Ini Kritik Dosen UGM Terhadap Media Online di Indonesia

Acara pelatihan jurnalisme online di UGM (15/10/2016) (Anisatul Umah/kabarkota.com)

YOGYAKARTA (kabarkota.com) – Jurnalisme online menjadi tren Jurnalisme masa kini. Dari tren media online sekarang, muncul beberapa kriteria dari berita yang disajikan media online.

Ada media online yang hanya mengejar klik pembaca dan kecepatan untuk menaikkan rating tanpa memperhatikan kualitas berita. Kemudian, media online yang tetap menjaga kualitas dan mengejar rating tinggi. Terakhir, media online yang berkualitas namun ratingnya rendah.
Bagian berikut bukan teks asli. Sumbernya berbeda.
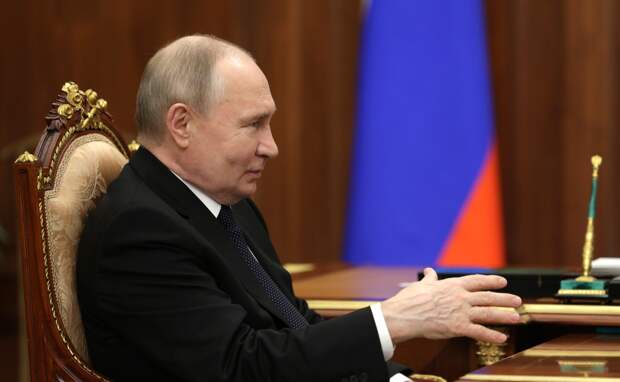Путин произвел кадровую рокировку в руководстве Минобороны России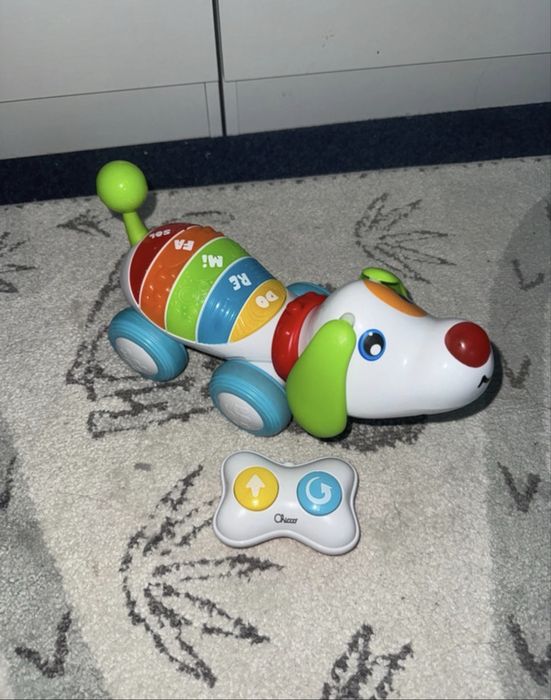 Cão musical telecomandado chicco
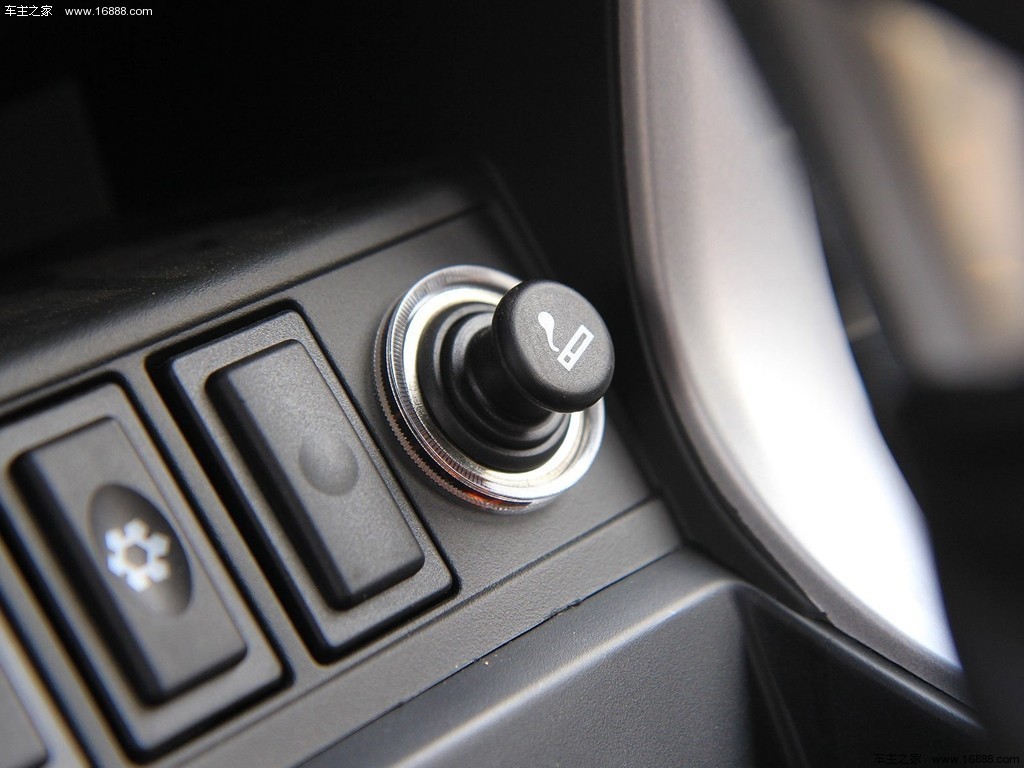 力帆X602015款 1.8L CVT豪华型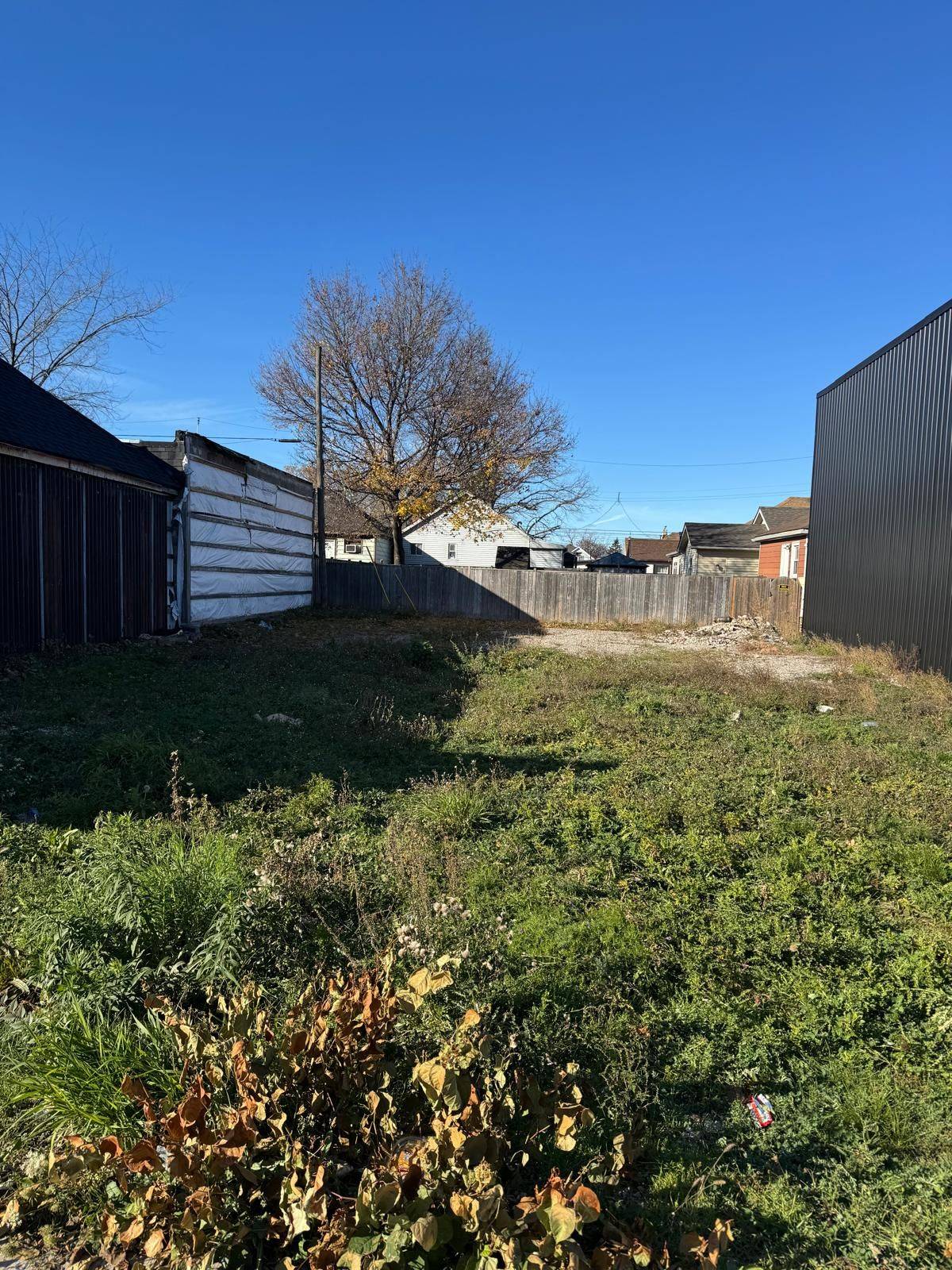 Hamilton, ON L8H 4S3,221-223 Kenilworth AVE N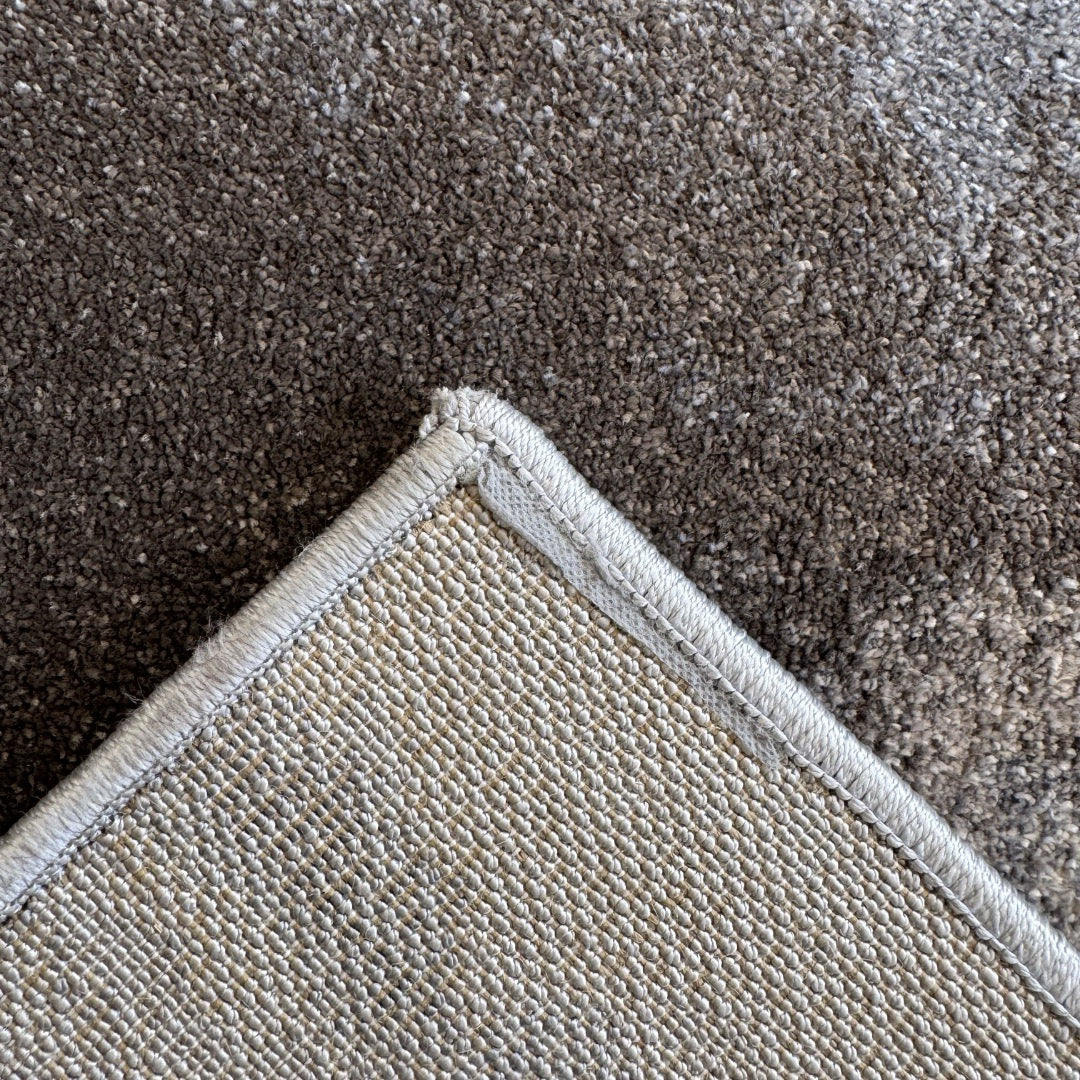 290 x 200 cm Geometric Impressions in Silver Grey & Brown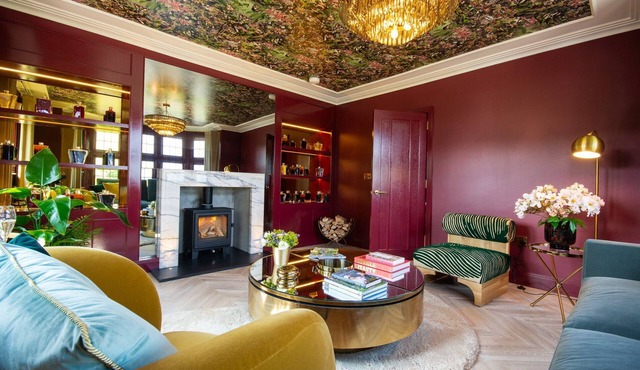 Liongate Lodge - sleeps 2 guests in 1 bedroom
Dosen Fakultas Ilmu Sosial dan Ilmu Politik (Fisipol) Universitas Gadjah Mada (UGM) sekaligus peneliti media, Gilang Desti Parahita menjadi pemateri dalam pelatihan jurnalisme online di UGM Sabtu, (15/10/2016). Ia mengatakan bahwa media online perlahan menjadi media utama yang dikonsumsi masyarakat.

“Ada media yang hanya mengejar berita hiburan dan ada media yang tetap menjaga kualitas dari berita,” jelasnya.

Dalam pelatihan ini Parahita mengajak peserta untuk menganalisis beberapa media online, dengan melihat berita apa saja yang menjadi berita terpopuler. Dari beberapa media online yang coba dianalisis, terlihat bahwa konsumen lebih suka terhadap berita-berita ringan yang berbau mistis dan seks.

“Media online sering memilih konten yang seru dan saru (asik dan tidak sopan.red),” katanya.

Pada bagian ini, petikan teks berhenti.